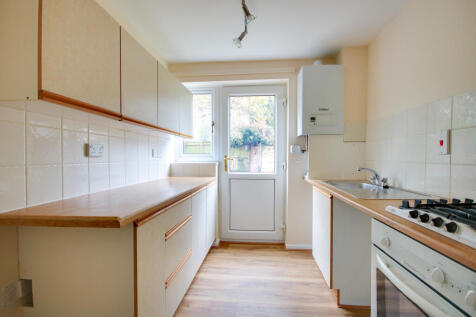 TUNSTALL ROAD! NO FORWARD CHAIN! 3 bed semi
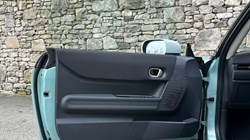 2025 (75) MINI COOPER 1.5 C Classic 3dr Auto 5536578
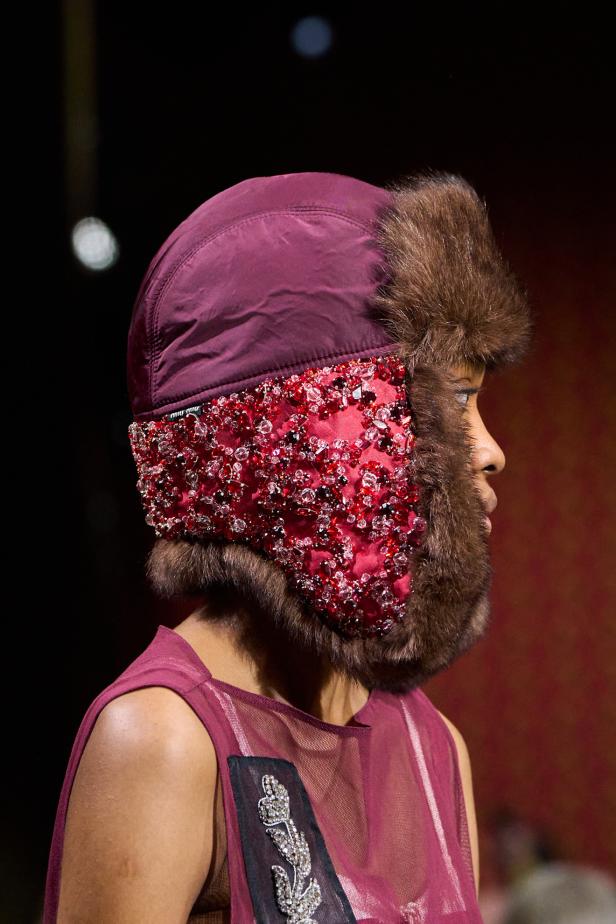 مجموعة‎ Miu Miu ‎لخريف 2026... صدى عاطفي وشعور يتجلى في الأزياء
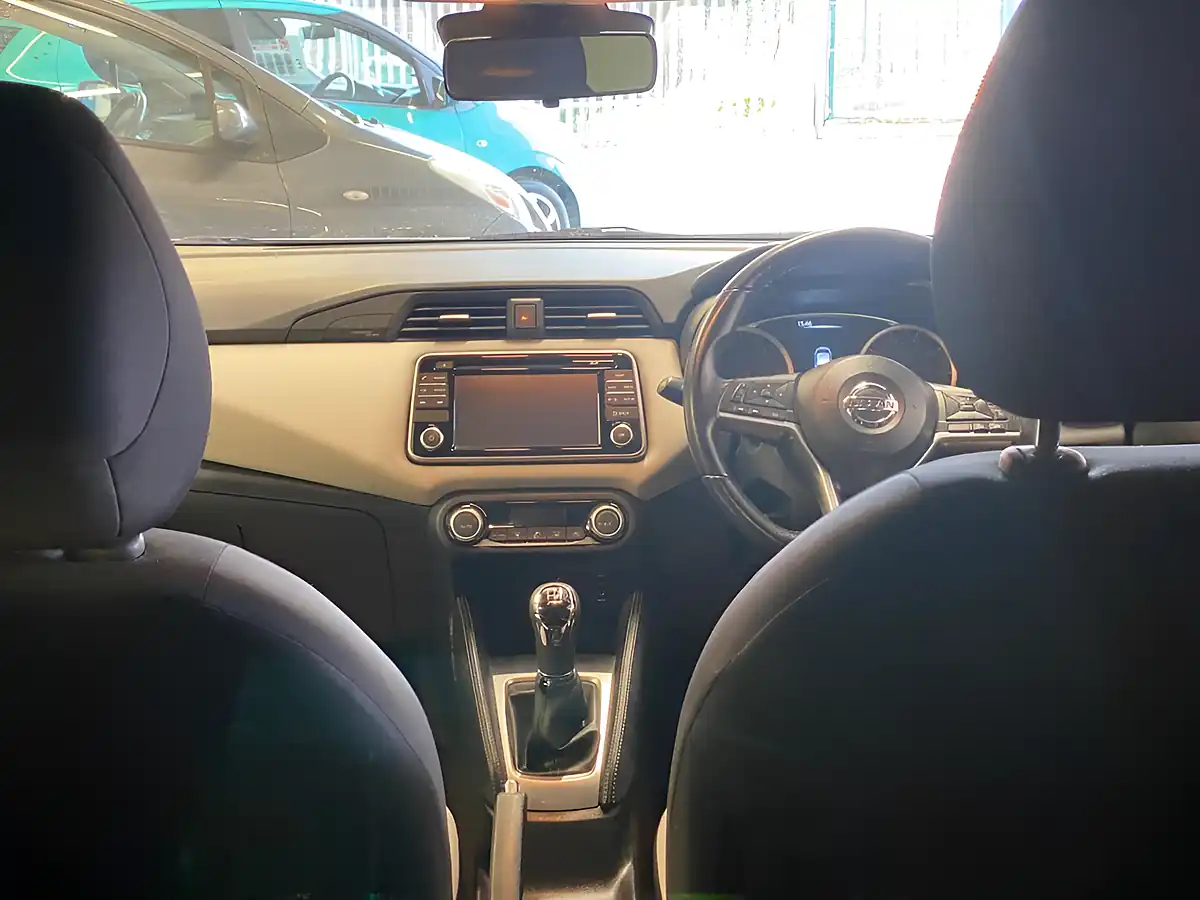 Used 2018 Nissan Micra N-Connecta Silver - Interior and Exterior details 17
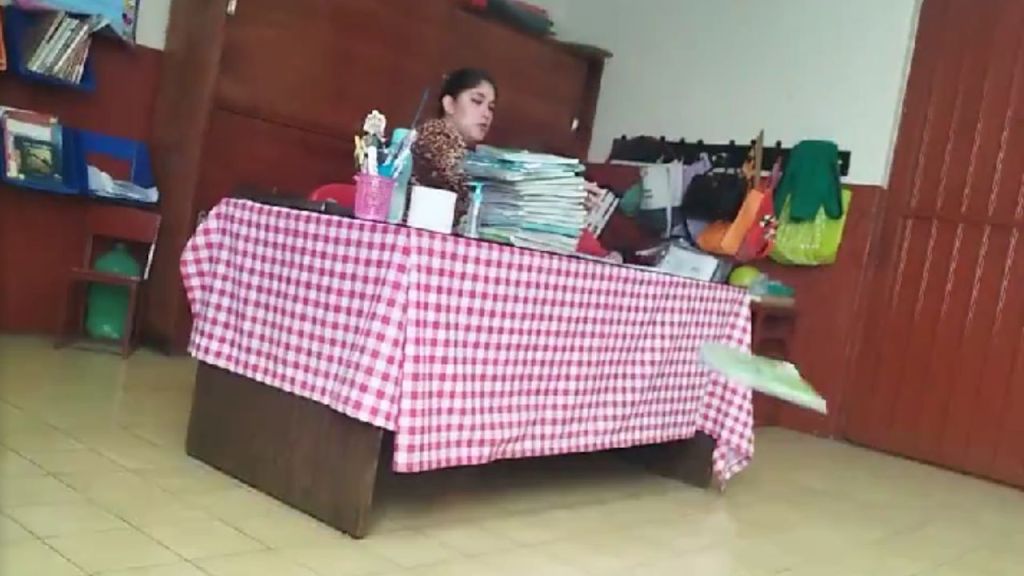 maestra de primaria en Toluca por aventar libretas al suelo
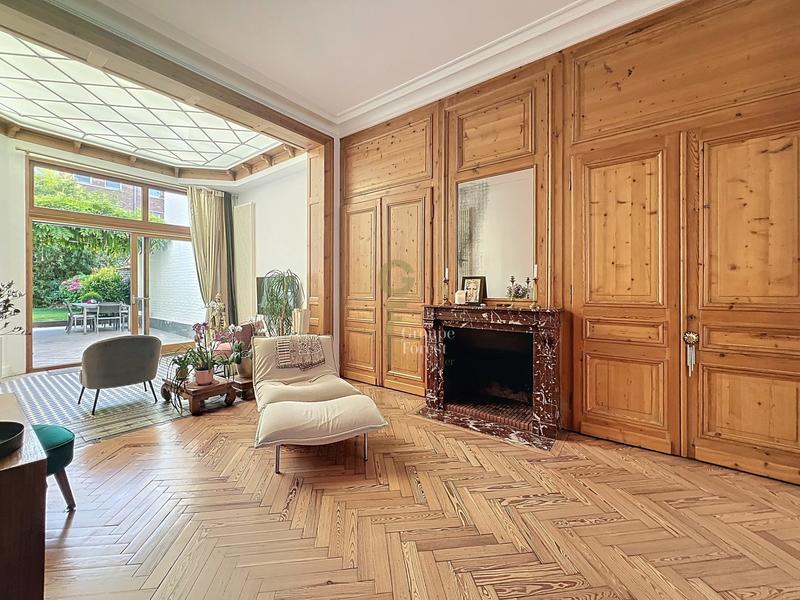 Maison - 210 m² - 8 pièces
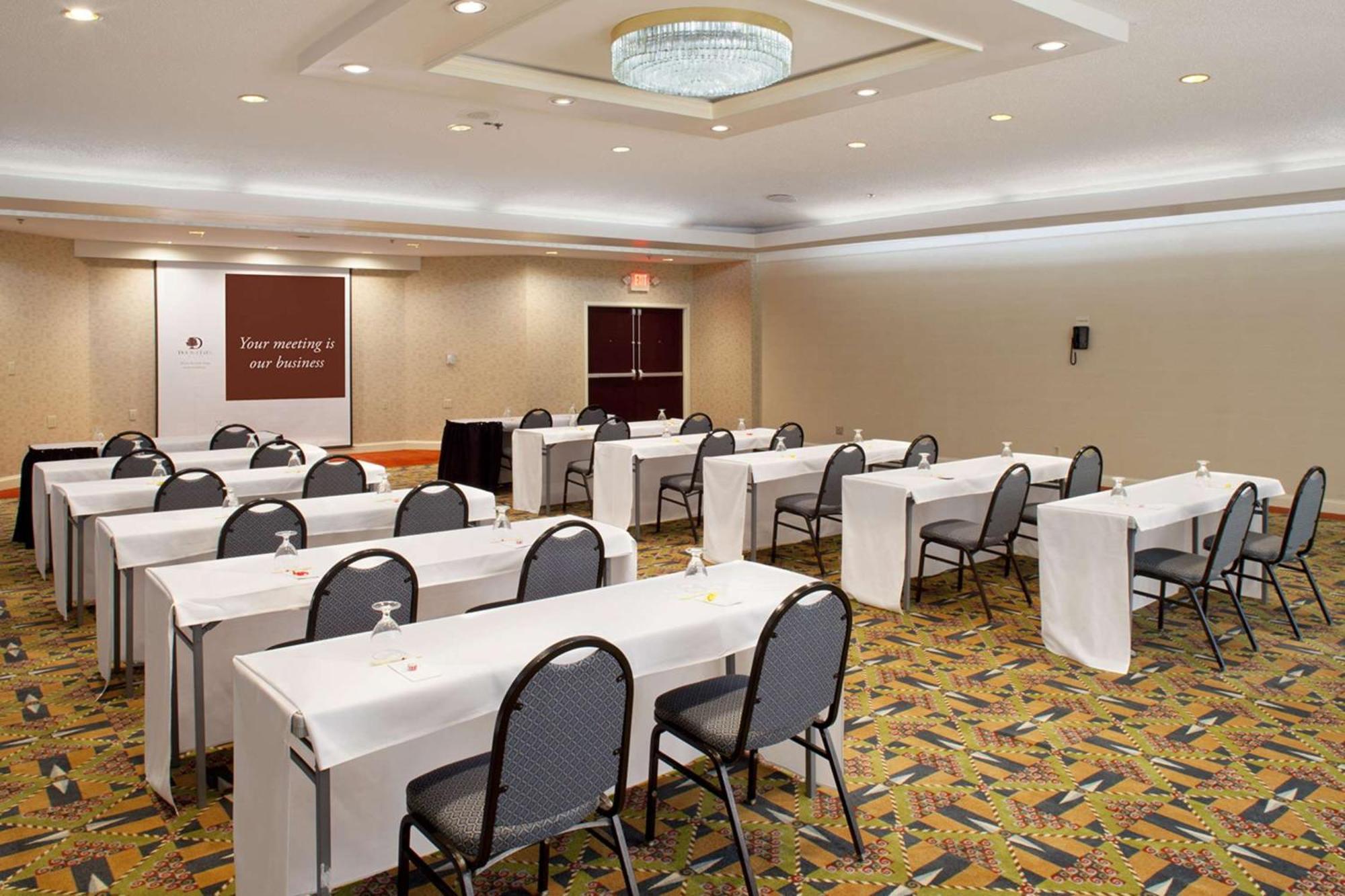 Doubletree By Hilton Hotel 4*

> [TASK DIRECTIONS]
Line by line, reproduce exactly the lines from the one containing "maestra de primaria" through the final line of the material, both included, leaving every picture out.

> [REPLY TO THE TASK]
 maestra de primaria en Toluca por aventar libretas al suelo
 Maison - 210 m² - 8 pièces
 Doubletree By Hilton Hotel 4*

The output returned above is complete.